The music does actually go with the words; there's no mismatch - it's whimsical, joyful, playful, breezy.  But this is one of the songs I always disliked when I heard it on the radio as a younger person, and because it seemed to be played all the time, it became one of a few dozen pop songs over the years that I just got more and more allergic to (Friday I'm In Love is the other one from this band that always made me run and still does).  Tastes change and while I took to both the studio and live versions of Love Cats, Why Can't I Be You?, Close To You etc as a mature adult, those two I just haven't come around to.

Because this is an open-edit forum, I can add thoughts that occur to me later on:  I think the reason I don't have a negative reaction when I hear this song played live is because then there's a human being in it, if that makes any sense, and because you can have respect for someone else's heart for feeling something, at the same time that you have respect for your own heart for not feeling that thing.  That's a principle that has so much application.  So in this particular case, it goes from a song that annoys me on the radio, to a song that's being performed by a person for whom this is a piece of their own heart, and those are different propositions.  It might seem like an artificial distinction and perhaps it is, but studio music is "canned" and live music is not, even though of course when I watch a concert film, it's still canned in its own way, but it's not as separate from the people performing it.

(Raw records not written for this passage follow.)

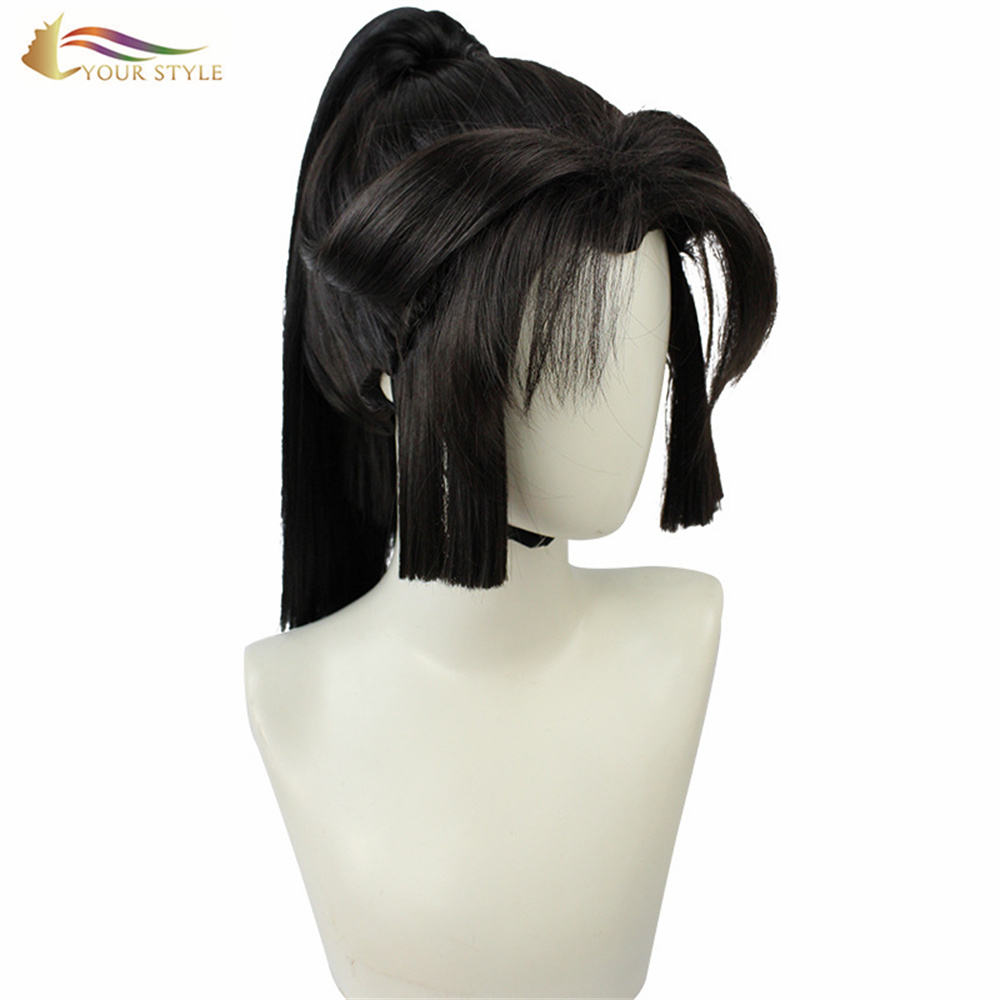 YOUR STYLE, Wholesale Black Ponytails Wigs Synthetic Costume Wig With Ponytail Halloween Hair Wigs-YOUR STYLE, synthetic wigs synthetic hair extension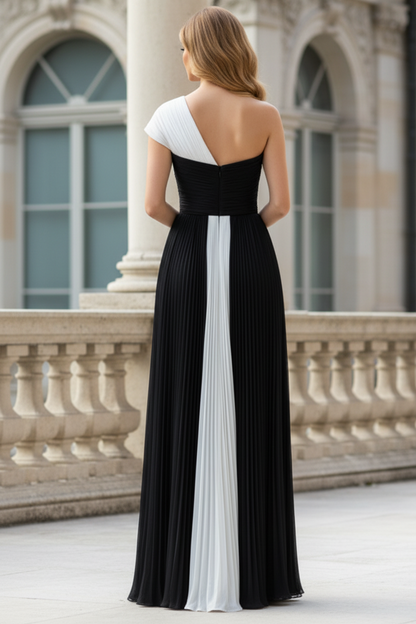 Asymmetrical Cap Sleeves Pleated A-Line Evening Dress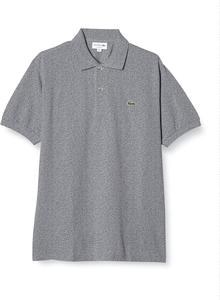 Мужская рубашка-поло Lacoste, L1264, классическая рубашка-поло с коротким рукавом (меланжевая пряжа) , темный пепел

All I Want is an interesting number and another good discovery to make.  Musically is works for me - I love the textures in it, the edginess, the hints of Eastern melody, the playing-like-you-mean-it, the seriousness I suppose.  And now I'm interrogating my use of the word serious... because I'm sure Robert Smith is equally serious about the lyrics to Just Like Heaven, so do I have the right word?  Am I somehow subscribing to the snobbery that writing about romantic love isn't a serious thing?  I don't think I am, because I don't have a problem with the words of Just Like Heaven, and with a whole bunch of songs about romantic love which I consider really well-written, including many on the topic from this band.

But I do have a problem with airheaded songs about romantic love, and wouldn't classify those as serious:  The sorts of songs that are melodramatic and like soap opera and naive and one-dimensional - "And then came the knight in shining armour and solved all my problems" etc.  Mills & Boon, versus Pride & Prejudice.  Also with obviously dysfunctional ideas and attitudes - with songs that confuse co-dependency for love, or sex for love, or infatuation for love, or need for love, or wanting to own and control someone for love, and thus perpetuate these problems.  I don't know what the solution to that is, because obviously life is a journey, and people write songs all along the various stages of their journeys.  Part of the solution, though, is songs about romantic love that are healthy and realistic, and songs that are honest and actually address common pitfalls and problems.  And maybe some lessons on the many Greek words to describe many different aspects of love...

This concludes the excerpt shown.